To examine the effects of specific gene expression levels on morphological variation, we selected a set of 34 candidate genes to conduct an in‐depth analysis. The doxycycline‐repressible strains we chose all had reported growth rates near wild‐type levels in YPD and all had reported severe growth defects, or complete lack of growth, in the presence of 10 μg/ml doxycycline (Mnaimneh et al, 2004). These genes also spanned nearly the entire range of phenotypic potential values in the DAmP collection. We grew each strain to saturation in parallel cultures of YPD media containing 16 different concentrations of doxycycline ranging from 0 to 20 μg/ml, since most of the strains failed to grow at measureable rates within this range. These cultures were then diluted 1:100 into YPD with the same concentration of doxycycline as before, grown for 8 h, and prepared for imaging identically to the DAmP strains. We also included 7 biological replicates of the ancestor strain that does not respond to doxycycline to insure that most cells in the dataset were not affected. Each of these strains was also analyzed using a microcolony growth assay to determine its growth rate (Levy et al, 2012).

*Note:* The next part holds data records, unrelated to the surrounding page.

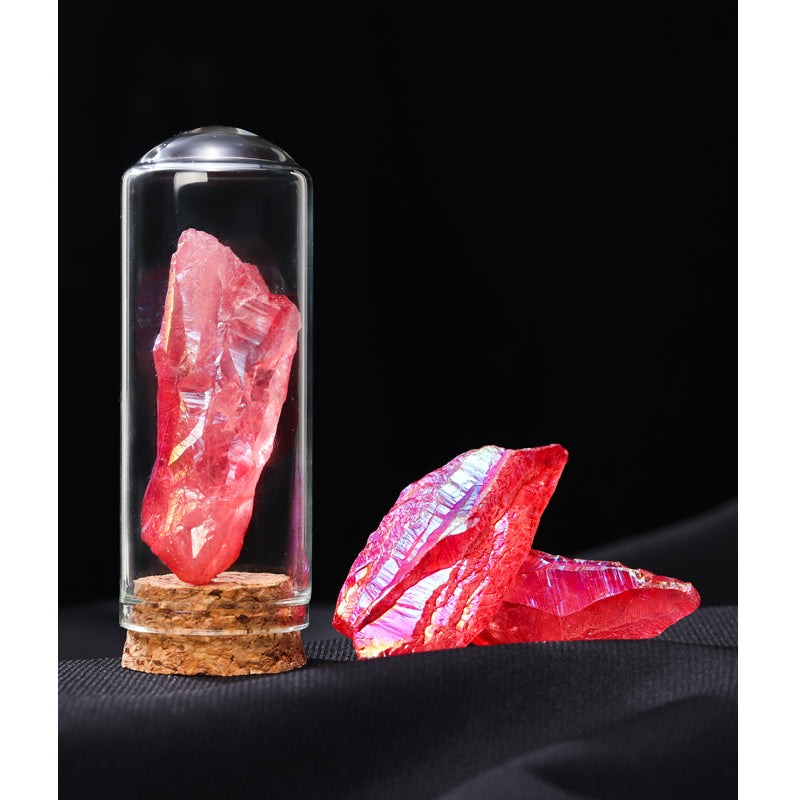 Spesimen bijih pelangi kristal asli batu mineral serbuk kristal putih kristal perhiasan spesimen kotak hadiah sains
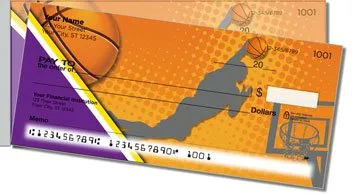 Purple and Gold Basketball Side Tear Personalized Checks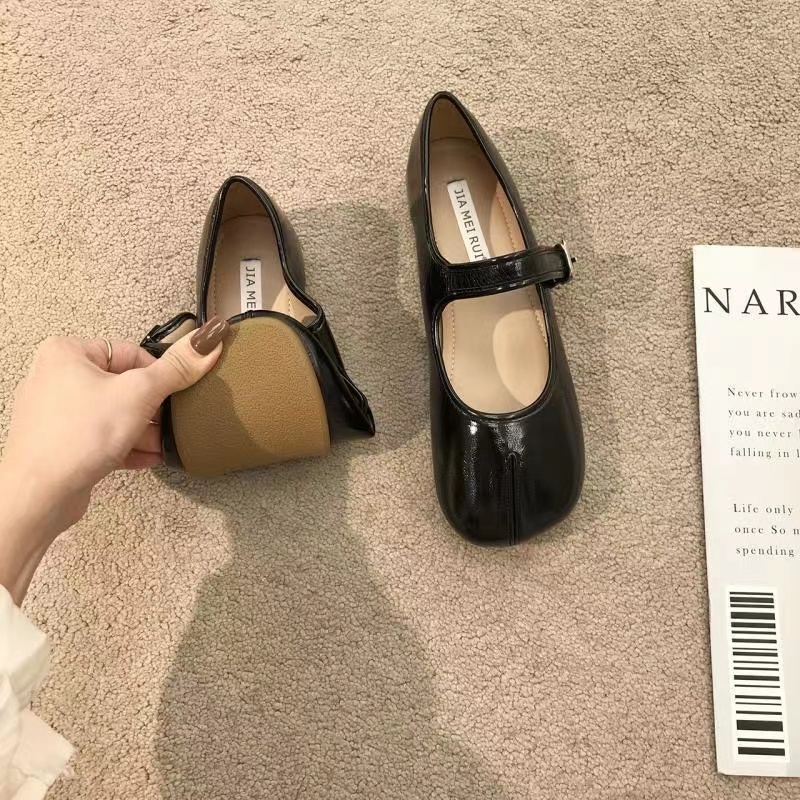 Giày nữ đế bệt mềm phong cách Mary Jane phong cách retro thời trang xuân hè 2022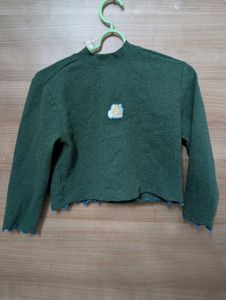 Green Ribbed Crop Top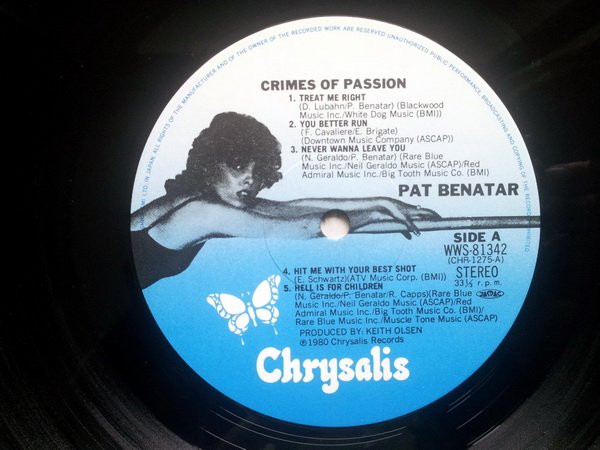 Pat Benatar - Crimes Of Passion (LP, Album) - 画像 (3)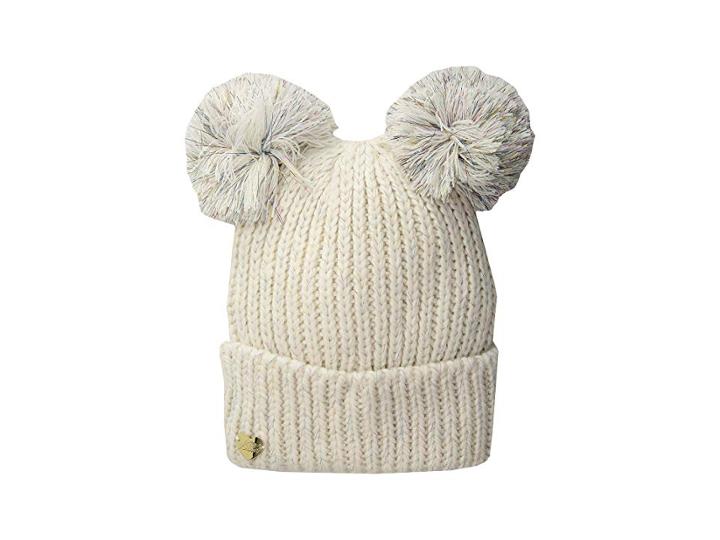 Betsey Johnson Firework 2 Pom Cuff Beanie (ivory) Beanies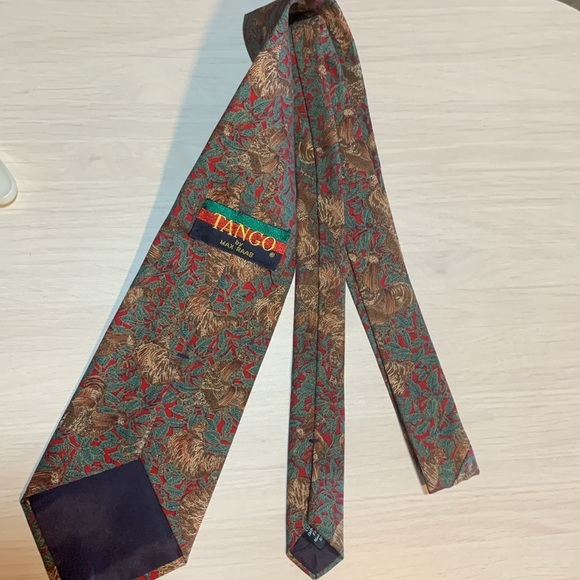 Menโs Vintage 90s 1998 Chicken Tie Wearable Art Farmer Chicken Dad Cotton Tie - Picture 10 of 17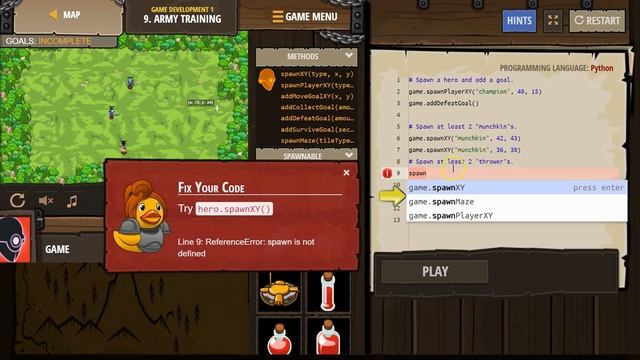 CodeCombat Army Training Level 9 Python Game Development Tutorial смотреть онлайн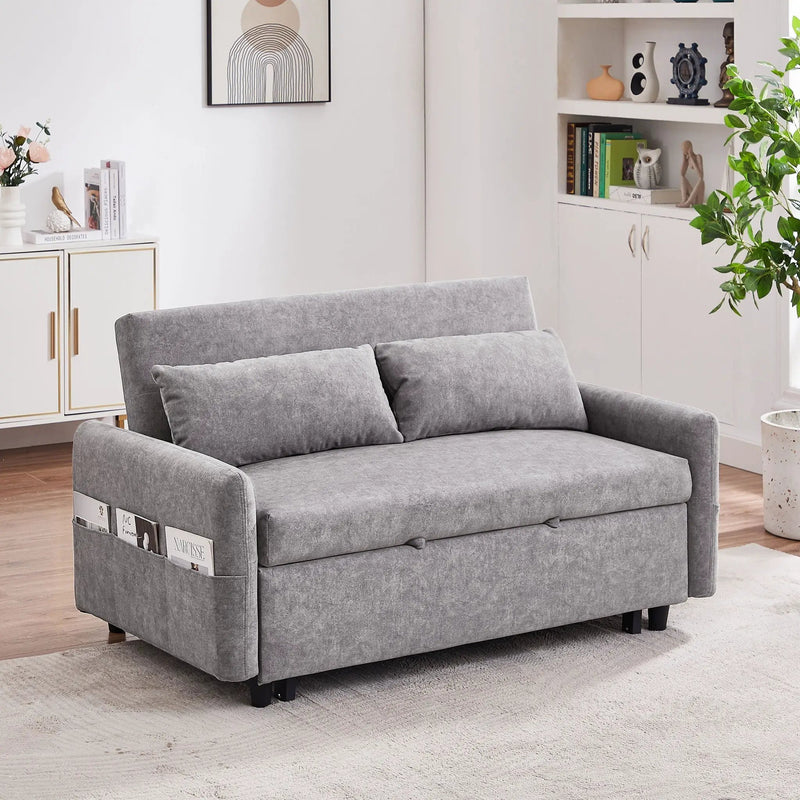 Pull Out Sleep Sofa Bed Loveseats Sofa Couch With Adjsutable Backrest, Storage Pockets, 2 Soft Pillows, USB Ports For Living Room, Bedroom, Apartment, Office by HouseOfZazla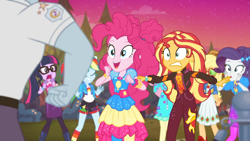 Size: 1334x750 | Tagged: safe, imported from derpibooru, screencap, applejack, fluttershy, pinkie pie, rainbow dash, rarity, sci-twi, sunset shimmer, twilight sparkle, equestria girls, equestria girls series, sunset's backstage pass!, spoiler:eqg series (season 2), humane five, humane seven, humane six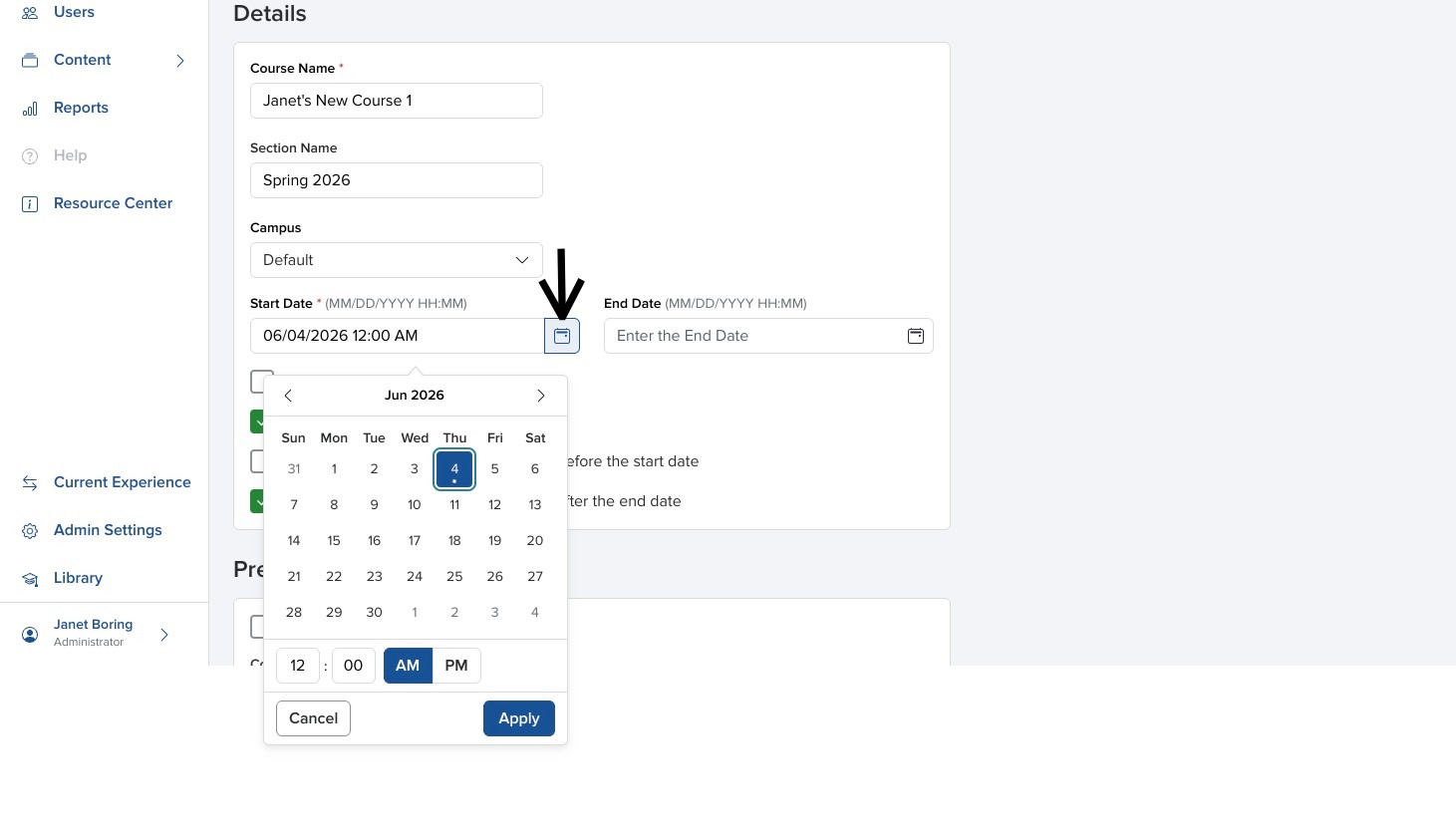 Create Course panel showing the start date calendar and Apply option with arrow pointing to the icon.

We first sought to address the extent of the false negatives from the DAmP data. For 112 conditions that contained the wild‐type strain, R1158, the phenotypic potential scores ranged from −1.20 to 0.36 with a mean of −0.43. Surprisingly, every Tet strain showed a phenotypic potential higher than 0.36 in at least one condition and 75% of all strain by doxycycline combinations fell above this level. Though the range phenotypic potentials varied greatly by gene, it appeared that every gene we tested played at least a limited role in buffering phenotypic variation. It is important to note that unlike the DAmP system, the Tet responsive alleles are not under the control of their native regulatory sequences and thus may be overexpressed at low concentrations of doxycycline and any complex expression dynamics will be abrogated. It is also reasonable to assume that the Tet system can alter the levels of gene expression noise due to transcriptional bursting. This would provide a clear mechanism of how cell‐to‐cell variation could be established. Regardless, these data demonstrate that variation in morphological phenotypes is exquisitely sensitive to proper expression of essential genes.
We next sought to use this system to independently address the relationships between pleiotropy, growth rate, and phenotypic potential. A comparison between the number of phenotypes that differ from wild‐type against phenotypic potential using the Tet system yields results that are very similar to those found from the DAmP alleles. While less pleiotropy was observed in general, there remains a strong positive correlation between the two measures for 0–5 phenotypes, after which the relationship breaks down (Supplementary Fig S11). Pooling all of the data together, it is also apparent that there is a negative correlation between growth rate and phenotypic potential in this context. Specifically, this correlation is only apparent when phenotypic potential is greater than one, and for values less than one, there is little if any trend (Fig 7).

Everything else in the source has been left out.